De la grossesse à l’accouchement en passant par les nuits sans sommeil, les réveils brutaux, le manque de considération, l’alimentation à surveiller, les dépressions postnatales cachées, les angoisses liées à la santé du bébé, la charge mentale décuplée, les séquelles physiques et psychologiques, le manque de liberté, le film aborde toutes ces questions.

Une danseuse, Thi-Mai Nguyen, vient s’immiscer parmi toutes ces voix. La danse comme respiration, la danse comme échappatoire, la danse comme se sentir vivante, brûlante, morne, lasse. Ces mouvements s’accordent sur la musique originale de Cloé du Trèfle et Céline Chappuis. Des intermèdes comme des permissions de sortir du cadre.

De l’autre côté des mères est universel et indispensable. Continuons de nous dire. Continuons de témoigner. Continuons de nous soutenir.
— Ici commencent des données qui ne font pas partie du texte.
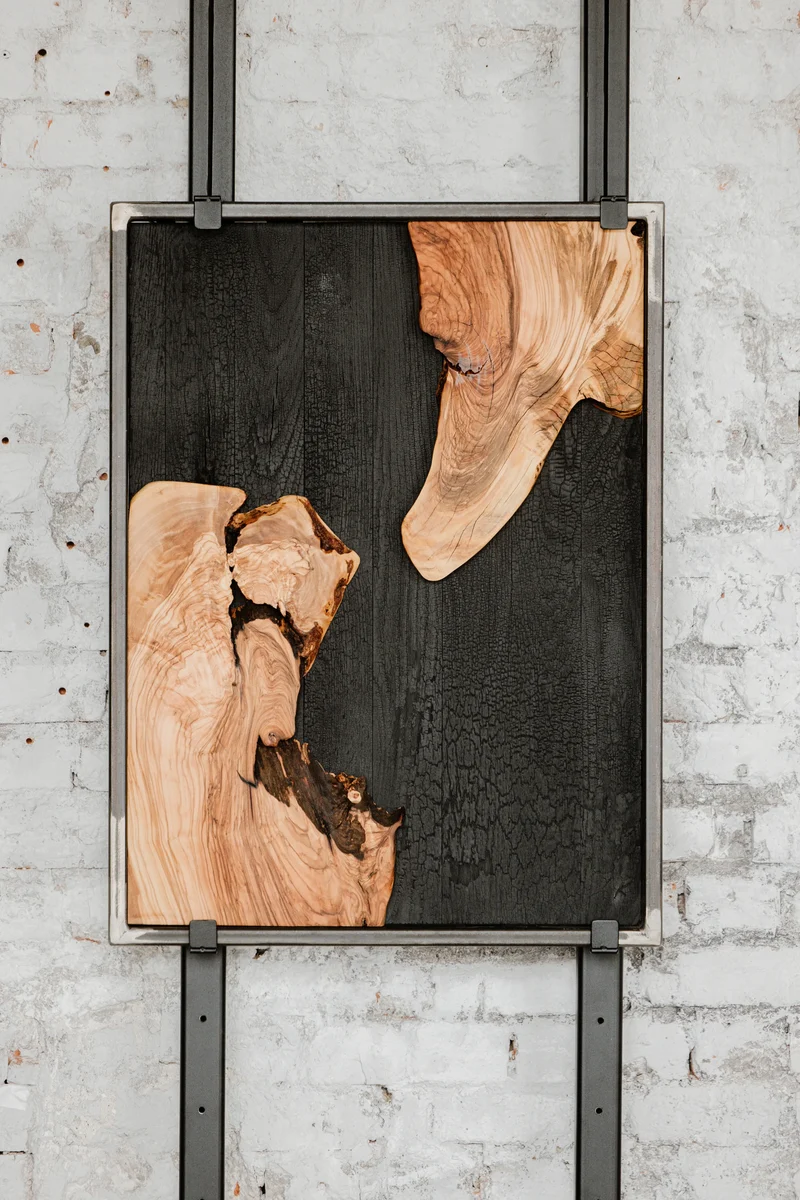 Wandbild CC04, Olivenholz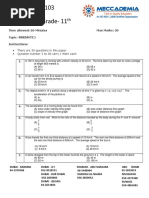 Grade 11-Kinematics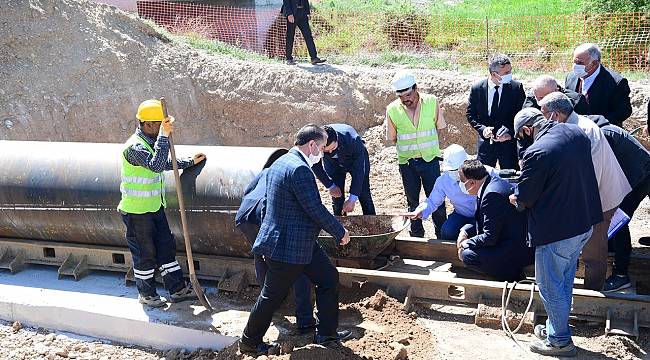 Başkan Gürkan; Batı kollektörü 2022 yılında tamamlanacak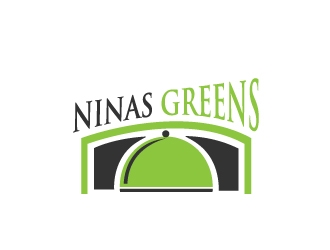 Ninas Greens logo design by samuraiXcreations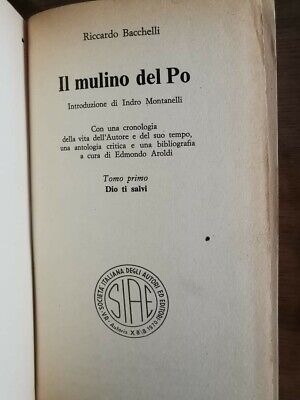 Il mulino del po - Riccardo Bacchelli - Mondadori - 1970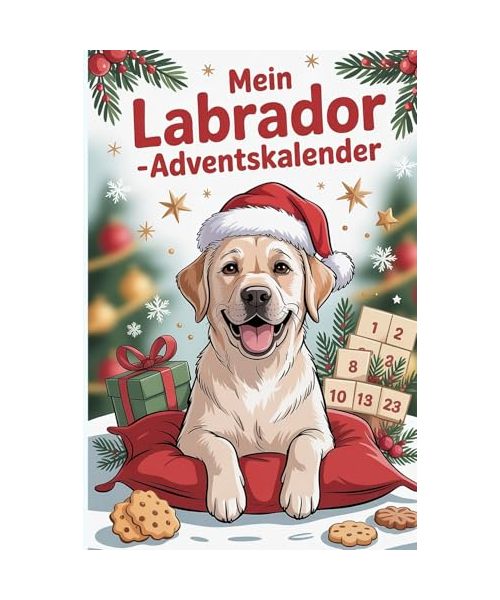 Mein Labrador-Adventskalender: 24 liebevolle Tage mit Geschichten, Beschäftigungsideen und frechen Labrador-Sprüchen – das ideale Geschenk für alle, die Labradors lieben für alle Labradorfans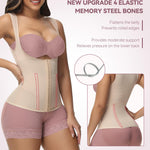 SHAPSHE Waist Trainer for Women Girdle for Women Tummy Control Waist Cincher Corset Shapewear Invisible Body Shaper Vest Tan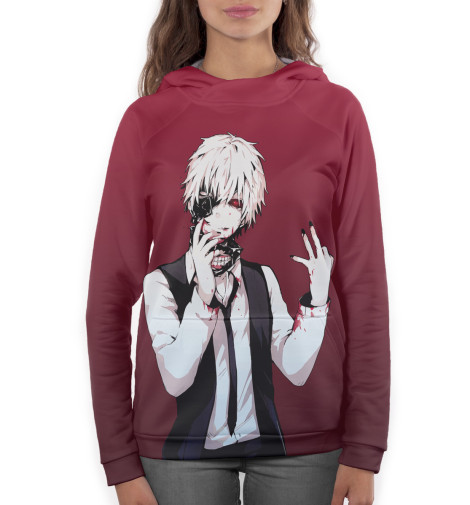 

Худи Print Bar, Белый, Ken Kaneki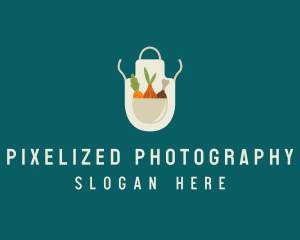 Vegetable Chef Apron logo design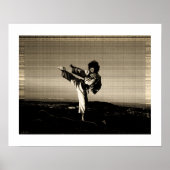 "Old photoshop"-poster taekwondo Poster (Voorkant)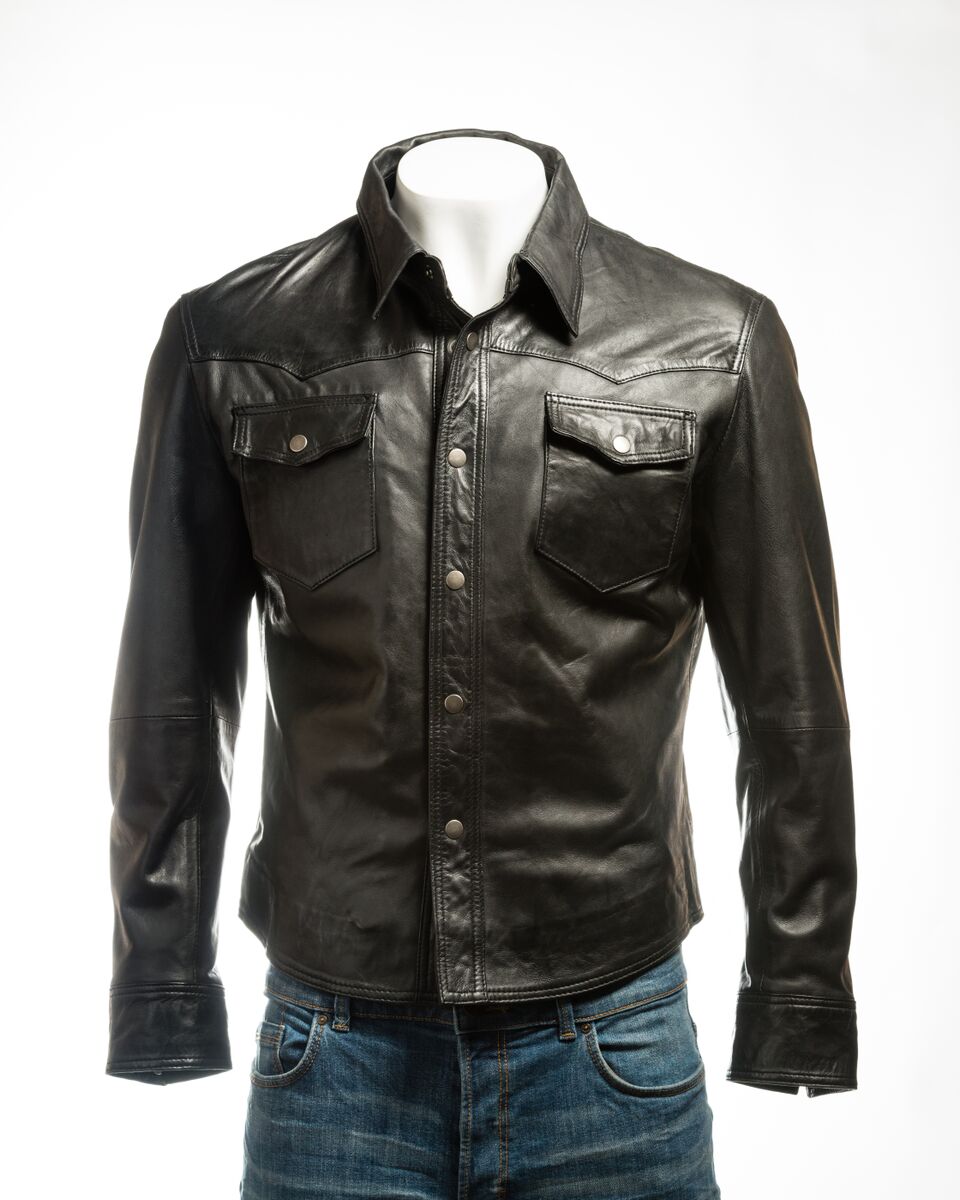 Renzo leather biker jacket hotsell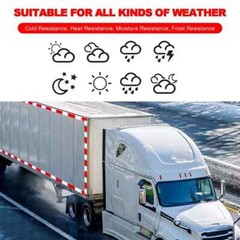 Reflective Tape CONSPICUITY Trailer Safety Warning Sign Auto Truck Red White NEW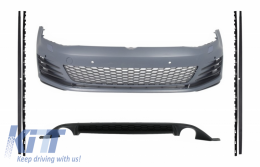 Body Kit suitable for VW Golf 7 VII (2013-2016) GTI Look Side Skirts with Rear Diffuser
« Le 12 septembre 2018, est né mon premier fils. Le 28 mai 2021 est né mon deuxième fils. Je suis donc mère, et, j’ai compris qu’on ne naissait pas mère mais qu’on le devenait, jour après jour, heure après heure, minute après minute. Après une première expérience déjà traumatisante, tant pour le corps que pour l'esprit, je m'étais dit que je voulais oublier, tenter d'effacer les stigmates profondément inscrits dans ma chair de femme. Je suis confrontée une fois de plus, probablement la dernière, à cette métamorphose que je considérais alors comme monstrueuse. Certaines l'embrassent avec sérénité, d'autres, comme moi, optent pour la lutte, livrant avec ce corps devenu étranger une guerre chimérique. L'attente n'est pas vaine, elle présage du bonheur brutal. Certes. Ne me faites pas dire ce que je n'ai pas dit. Faire un arrêt sur image, sur ce corps devenu étranger, sur ces rondeurs pesantes aux yeux d'une société aux œillères acérées lorsqu'il s'agit de maternité. La grossesse se vit secrètement, seule face au miroir quotidien des pantalons étriqués. J'ai voulu me voir, femme-fille-mère. J'ai voulu sublimer ce que je ne pensais pas pouvoir l'être, ancrer cette réalité passagère. La femme, enceinte ou non, subit. Je ne reviens pas sur les surdoses d'hormones infligées, sur les tabous qui y sont liés, sur les regards portés sur cette bête curieuse qu'est la femme enceinte. Je ne voulais pas oublier. Même si le corps, lui, n'oubliera pas.»